Porém, assumir o volante do vermelhão veio com certas dificuldades: “Foi nesse período que eu enfrentei mais preconceito”. Hoje, a relação com os passageiros é de muito respeito e as situações de desrespeito diminuíram muito, além disso, se criam vínculos de amizade com as pessoas que frequentam a linha todos os dias.

Anelise Wickert Fonte: Sindicato das empresas de ônibus de Curitiba e Regiaáo metropolitana

Selma também nunca pensou em outros caminhos, ela conta que teve a oportunidade de cursar uma faculdade, mas, por preferência nunca deixou a profissão de motorista. Para ela o ponto positivo é fazer o que gosta e o que sempre teve contato desde a família. Embora satisfeita, Selma diz que ainda é possível melhorar e, para isso, seria importante uma união entre as empresas, os motoristas e as autoridades.

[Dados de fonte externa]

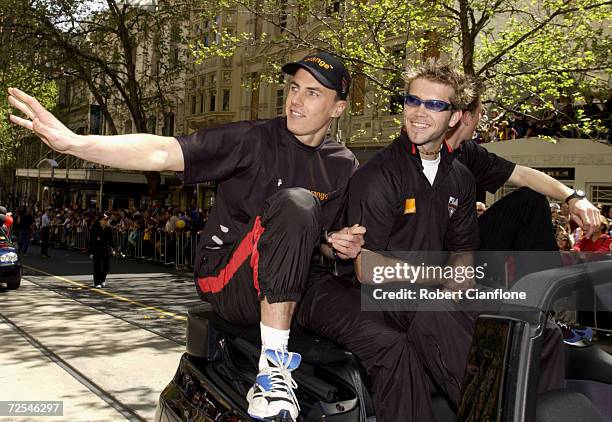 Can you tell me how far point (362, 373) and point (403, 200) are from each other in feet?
2.47

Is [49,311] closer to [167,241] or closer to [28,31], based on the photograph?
[167,241]

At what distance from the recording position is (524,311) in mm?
1526

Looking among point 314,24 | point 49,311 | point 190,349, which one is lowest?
point 49,311

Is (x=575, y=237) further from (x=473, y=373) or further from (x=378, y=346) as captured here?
(x=473, y=373)

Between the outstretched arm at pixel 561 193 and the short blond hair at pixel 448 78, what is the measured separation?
590mm

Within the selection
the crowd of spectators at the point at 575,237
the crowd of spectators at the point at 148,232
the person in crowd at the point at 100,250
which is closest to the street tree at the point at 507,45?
the person in crowd at the point at 100,250

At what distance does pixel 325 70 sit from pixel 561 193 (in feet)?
4.22

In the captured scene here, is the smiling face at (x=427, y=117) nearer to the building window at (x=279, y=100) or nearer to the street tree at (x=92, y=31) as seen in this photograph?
the street tree at (x=92, y=31)

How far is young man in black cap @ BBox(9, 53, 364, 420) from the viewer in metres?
2.41

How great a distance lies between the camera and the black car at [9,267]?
42.5 feet

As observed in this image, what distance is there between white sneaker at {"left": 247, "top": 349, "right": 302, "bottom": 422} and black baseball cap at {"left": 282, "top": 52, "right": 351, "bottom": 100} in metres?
1.47

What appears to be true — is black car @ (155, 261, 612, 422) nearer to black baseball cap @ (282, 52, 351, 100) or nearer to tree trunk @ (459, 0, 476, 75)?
black baseball cap @ (282, 52, 351, 100)

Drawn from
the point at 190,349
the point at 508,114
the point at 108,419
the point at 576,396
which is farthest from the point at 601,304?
the point at 508,114

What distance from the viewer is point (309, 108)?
10.7ft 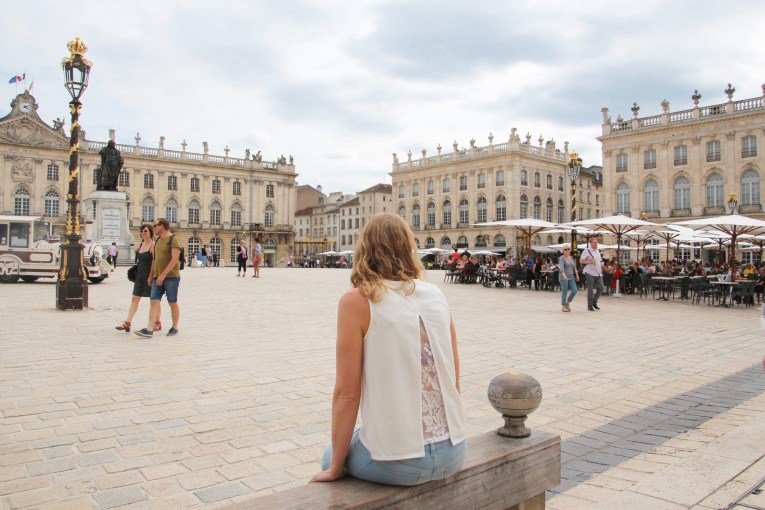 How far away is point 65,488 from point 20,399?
215cm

Nos quase dez anos de carreira no transporte público a maior alegria de Selma foi o tempo que passou com seu filho pequeno. Após trocar o caminhão pelo ônibus, ela teve a oportunidade de passar um longo tempo com o filho e ele certamente ajudou muito para que ela fosse pioneira no transporte de Curitiba.

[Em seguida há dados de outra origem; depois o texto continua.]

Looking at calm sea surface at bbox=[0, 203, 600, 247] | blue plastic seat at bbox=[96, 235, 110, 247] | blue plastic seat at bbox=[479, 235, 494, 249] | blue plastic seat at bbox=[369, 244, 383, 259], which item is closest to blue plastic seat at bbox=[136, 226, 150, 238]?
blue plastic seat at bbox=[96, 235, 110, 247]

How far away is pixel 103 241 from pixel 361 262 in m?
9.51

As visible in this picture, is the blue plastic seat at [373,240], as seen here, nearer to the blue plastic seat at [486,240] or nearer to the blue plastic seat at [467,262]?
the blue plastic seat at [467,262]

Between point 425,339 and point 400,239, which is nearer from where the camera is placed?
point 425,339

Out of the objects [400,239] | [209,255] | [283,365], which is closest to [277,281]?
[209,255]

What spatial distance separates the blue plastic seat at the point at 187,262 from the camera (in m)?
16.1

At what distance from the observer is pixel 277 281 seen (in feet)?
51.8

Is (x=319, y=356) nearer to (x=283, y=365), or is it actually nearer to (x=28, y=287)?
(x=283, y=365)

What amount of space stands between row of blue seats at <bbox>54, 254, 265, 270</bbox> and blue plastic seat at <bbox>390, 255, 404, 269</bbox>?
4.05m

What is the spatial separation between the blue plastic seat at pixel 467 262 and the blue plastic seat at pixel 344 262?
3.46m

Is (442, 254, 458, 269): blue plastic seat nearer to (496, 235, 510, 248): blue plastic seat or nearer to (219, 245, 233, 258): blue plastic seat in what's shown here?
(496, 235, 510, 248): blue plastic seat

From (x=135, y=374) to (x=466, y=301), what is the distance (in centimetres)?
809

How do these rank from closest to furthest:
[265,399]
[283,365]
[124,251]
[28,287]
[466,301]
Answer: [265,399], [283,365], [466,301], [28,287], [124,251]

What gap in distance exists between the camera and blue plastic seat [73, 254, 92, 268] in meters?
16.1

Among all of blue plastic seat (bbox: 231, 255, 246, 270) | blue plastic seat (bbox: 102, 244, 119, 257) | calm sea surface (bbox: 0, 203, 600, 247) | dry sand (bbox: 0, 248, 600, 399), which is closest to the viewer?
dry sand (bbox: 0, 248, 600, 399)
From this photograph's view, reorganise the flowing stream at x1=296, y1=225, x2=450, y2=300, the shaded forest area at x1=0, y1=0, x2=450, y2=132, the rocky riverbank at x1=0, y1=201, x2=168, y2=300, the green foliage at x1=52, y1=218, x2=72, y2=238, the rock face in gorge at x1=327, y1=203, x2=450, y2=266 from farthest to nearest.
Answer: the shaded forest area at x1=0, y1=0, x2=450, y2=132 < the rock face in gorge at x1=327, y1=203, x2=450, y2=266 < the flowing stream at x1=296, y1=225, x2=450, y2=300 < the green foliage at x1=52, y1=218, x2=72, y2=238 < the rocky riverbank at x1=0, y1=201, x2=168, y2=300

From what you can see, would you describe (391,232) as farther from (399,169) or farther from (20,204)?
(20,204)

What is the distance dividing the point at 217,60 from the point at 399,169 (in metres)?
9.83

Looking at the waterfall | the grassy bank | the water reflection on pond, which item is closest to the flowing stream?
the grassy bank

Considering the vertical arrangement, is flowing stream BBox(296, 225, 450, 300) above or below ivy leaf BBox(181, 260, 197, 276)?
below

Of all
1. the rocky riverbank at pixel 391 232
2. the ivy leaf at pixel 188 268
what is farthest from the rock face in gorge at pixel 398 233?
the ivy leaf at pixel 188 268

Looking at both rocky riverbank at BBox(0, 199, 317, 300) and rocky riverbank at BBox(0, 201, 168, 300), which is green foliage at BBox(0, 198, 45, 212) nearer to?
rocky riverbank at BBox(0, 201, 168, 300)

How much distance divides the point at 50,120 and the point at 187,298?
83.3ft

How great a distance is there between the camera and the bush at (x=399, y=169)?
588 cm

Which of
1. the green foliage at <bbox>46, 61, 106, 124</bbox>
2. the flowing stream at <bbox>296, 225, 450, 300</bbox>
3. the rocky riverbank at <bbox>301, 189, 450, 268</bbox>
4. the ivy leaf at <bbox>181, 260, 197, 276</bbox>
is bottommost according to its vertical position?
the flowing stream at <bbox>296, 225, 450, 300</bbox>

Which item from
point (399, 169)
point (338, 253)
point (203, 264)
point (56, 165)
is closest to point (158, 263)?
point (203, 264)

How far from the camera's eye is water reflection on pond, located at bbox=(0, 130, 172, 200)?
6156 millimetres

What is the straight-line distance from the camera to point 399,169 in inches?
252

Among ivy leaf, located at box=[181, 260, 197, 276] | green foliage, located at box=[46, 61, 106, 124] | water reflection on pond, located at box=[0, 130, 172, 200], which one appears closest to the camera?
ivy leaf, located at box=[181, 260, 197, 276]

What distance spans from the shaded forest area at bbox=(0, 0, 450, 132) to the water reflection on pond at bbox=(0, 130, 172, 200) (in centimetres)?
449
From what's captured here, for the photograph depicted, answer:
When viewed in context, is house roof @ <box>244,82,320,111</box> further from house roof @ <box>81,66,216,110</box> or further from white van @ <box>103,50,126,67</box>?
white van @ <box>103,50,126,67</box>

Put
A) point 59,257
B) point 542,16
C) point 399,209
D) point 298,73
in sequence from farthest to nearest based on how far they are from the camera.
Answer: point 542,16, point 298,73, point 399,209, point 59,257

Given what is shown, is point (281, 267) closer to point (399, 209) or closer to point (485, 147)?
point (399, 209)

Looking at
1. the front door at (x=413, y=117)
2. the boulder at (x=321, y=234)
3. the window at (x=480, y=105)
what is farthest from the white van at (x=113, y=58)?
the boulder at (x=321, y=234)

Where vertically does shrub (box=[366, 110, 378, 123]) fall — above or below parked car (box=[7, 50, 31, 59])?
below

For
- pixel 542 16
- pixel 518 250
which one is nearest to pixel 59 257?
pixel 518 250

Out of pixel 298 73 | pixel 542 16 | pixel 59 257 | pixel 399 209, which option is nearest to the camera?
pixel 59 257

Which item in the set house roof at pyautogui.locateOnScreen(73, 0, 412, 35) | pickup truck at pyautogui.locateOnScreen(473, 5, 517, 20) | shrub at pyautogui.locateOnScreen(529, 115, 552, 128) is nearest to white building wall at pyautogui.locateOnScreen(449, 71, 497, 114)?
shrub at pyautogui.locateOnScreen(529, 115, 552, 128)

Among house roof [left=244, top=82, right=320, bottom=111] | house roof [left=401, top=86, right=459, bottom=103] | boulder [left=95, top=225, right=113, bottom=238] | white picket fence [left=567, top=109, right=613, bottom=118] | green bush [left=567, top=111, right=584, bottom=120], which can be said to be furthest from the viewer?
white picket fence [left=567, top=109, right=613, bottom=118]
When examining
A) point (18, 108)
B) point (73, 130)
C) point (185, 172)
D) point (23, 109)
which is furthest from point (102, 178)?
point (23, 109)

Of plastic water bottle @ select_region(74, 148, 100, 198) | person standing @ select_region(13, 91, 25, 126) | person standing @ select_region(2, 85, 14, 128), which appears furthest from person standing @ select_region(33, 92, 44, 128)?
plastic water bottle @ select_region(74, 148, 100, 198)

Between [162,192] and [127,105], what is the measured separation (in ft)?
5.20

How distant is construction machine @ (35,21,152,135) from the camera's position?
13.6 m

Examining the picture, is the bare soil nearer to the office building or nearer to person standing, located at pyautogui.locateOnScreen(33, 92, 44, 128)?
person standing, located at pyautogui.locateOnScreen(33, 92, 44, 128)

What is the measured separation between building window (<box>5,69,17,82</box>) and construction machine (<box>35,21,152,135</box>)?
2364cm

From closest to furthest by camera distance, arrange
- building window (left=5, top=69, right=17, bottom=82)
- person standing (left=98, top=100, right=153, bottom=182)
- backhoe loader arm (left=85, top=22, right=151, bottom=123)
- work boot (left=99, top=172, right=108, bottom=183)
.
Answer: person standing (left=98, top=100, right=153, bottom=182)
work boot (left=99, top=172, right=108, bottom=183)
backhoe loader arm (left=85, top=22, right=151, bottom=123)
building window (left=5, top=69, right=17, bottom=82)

Daniel Henrique, 8 anos, filho de Selma, trabalhou junto com a mãe em muitos dias. Fez, inclusive, muito sucesso com os passageiros que paravam para conversar. Além disso, Selma conta que o menino, orgulhoso, sempre dizia na escola a mãe trabalha com o ônibus azul. Além da experiência como caminhoneiras Anna e Selma têm em comum o local de trabalho, que é a Viação Cidade Sorriso, empresa que possui projetos para capacitar novos profissionais com a escola de motoristas. Embora as vagas para novos motoristas sejam proporcionadas a mulheres e homens, Guedley Cristina da Rocha, assistente de compliance, conta que as cobradoras da empresa tem buscado a capacitação para tornarem-se motoristas. Atualmente, no quadro de funcionários, a Cidade Sorriso conta com sete mulheres que trabalham na direção do transporte coletivo de Curitiba.

“ O transporte coletivo é uma caixinha de surpresa, cada dia o trabalho oferece uma novidade e algo diferente.”

Selma Aparecida de Oliveira, 39, motorista

Gabriel Domingos

Todos os dias, Selma trabalha dirigindo ônibus das linhas interbairros IV e Sítio Cercado/Pinheirinho.